Extracted data entries:
_ _ _ _ _
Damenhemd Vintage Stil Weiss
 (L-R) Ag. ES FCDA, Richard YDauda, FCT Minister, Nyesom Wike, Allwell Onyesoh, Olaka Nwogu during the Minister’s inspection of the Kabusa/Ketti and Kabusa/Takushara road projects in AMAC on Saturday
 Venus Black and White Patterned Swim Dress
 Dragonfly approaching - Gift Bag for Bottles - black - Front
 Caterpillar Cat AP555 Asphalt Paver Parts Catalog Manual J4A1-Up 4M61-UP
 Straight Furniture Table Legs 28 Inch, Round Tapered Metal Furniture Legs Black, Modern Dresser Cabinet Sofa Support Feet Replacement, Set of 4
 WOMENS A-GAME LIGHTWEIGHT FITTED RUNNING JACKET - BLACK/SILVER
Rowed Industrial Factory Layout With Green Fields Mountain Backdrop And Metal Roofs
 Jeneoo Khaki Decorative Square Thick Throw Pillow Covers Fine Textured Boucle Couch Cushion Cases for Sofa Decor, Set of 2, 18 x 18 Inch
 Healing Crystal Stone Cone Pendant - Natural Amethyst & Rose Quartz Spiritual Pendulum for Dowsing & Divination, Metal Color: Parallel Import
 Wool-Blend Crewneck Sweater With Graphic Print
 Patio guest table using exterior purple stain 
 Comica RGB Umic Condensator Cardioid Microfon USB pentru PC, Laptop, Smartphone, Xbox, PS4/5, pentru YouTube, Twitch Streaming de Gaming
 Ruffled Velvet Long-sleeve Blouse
_ _ _ _ _
Of the entries above, how many lines hold the word "Inch"? Give back only that number.

2